(Short descriptive text snippets)
^^^^^^^^^^^^^^^^
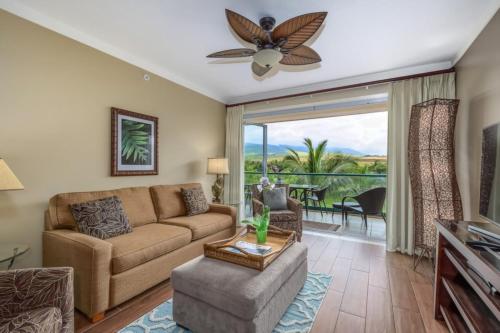 a living room with a couch and a ceiling fan at Maui Westside: Honua kai Konea 312/314 in Kaanapali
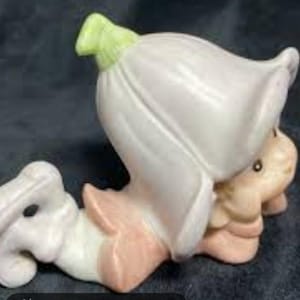 May include: A ceramic figurine of a small creature with a large white flower-shaped head. The flower has a green top and the creature has a light tan face and limbs. The figurine is in a reclining pose with pink accents.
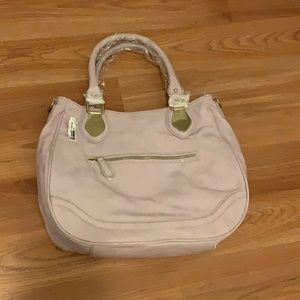 This is a light lavender semi oval strap bag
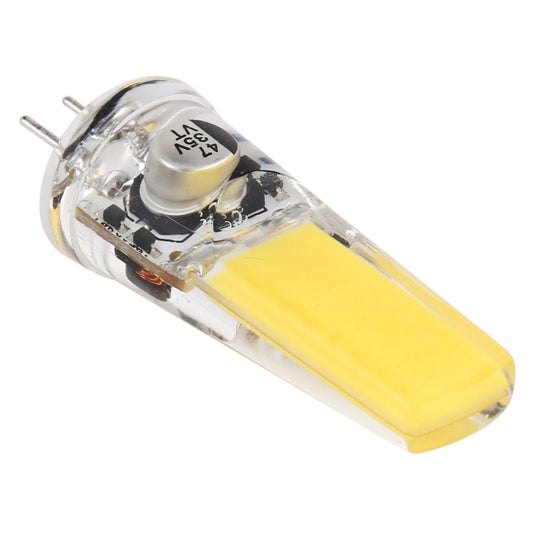 G4 warm white LED corn light bulb angled view, clear housing and dual prong pins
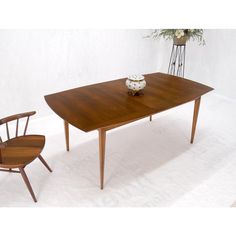 a wooden table with two chairs next to it and a vase on the table top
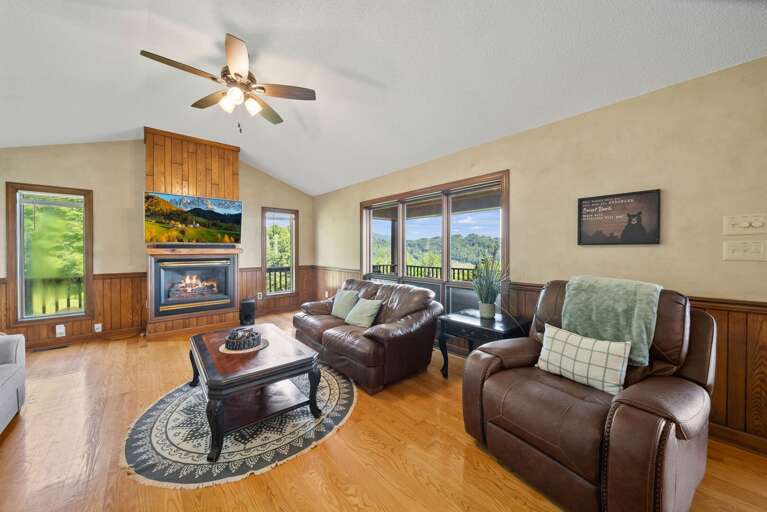 Warm Wood Floors, Leather Recliners and Gas Log Fireplace Warm Wood Floors, Leather Recliners and Gas Log Fireplace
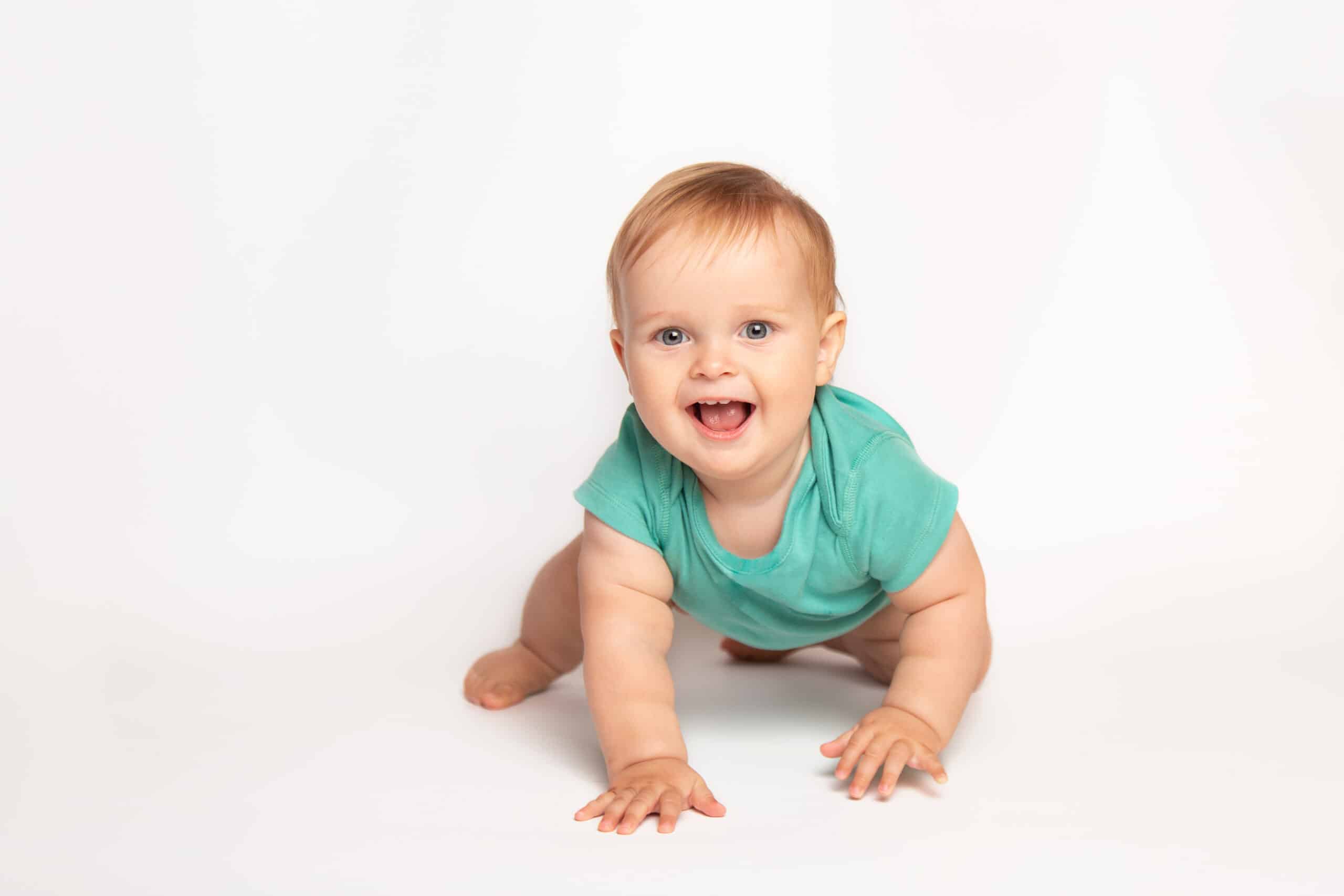 Cute small caucasian toddler baby boy child crawl on white studio floor. Smiling little infant kid wearing a green t-shirt explore world. Childcare and upbringing concept.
^^^^^^^^^^^^^^^^
*Work to complete*. Once the line with "This is a light lavender semi oval strap bag" has been found above, output that line and every later line exactly, stopping after the line with "Warm Wood Floors, Leather Recliners and Gas Log Fireplace Warm", and omit the pictures.

*Solution to the exercise*.
 This is a light lavender semi oval strap bag
 G4 warm white LED corn light bulb angled view, clear housing and dual prong pins
 a wooden table with two chairs next to it and a vase on the table top
 Warm Wood Floors, Leather Recliners and Gas Log Fireplace Warm Wood Floors, Leather Recliners and Gas Log Fireplace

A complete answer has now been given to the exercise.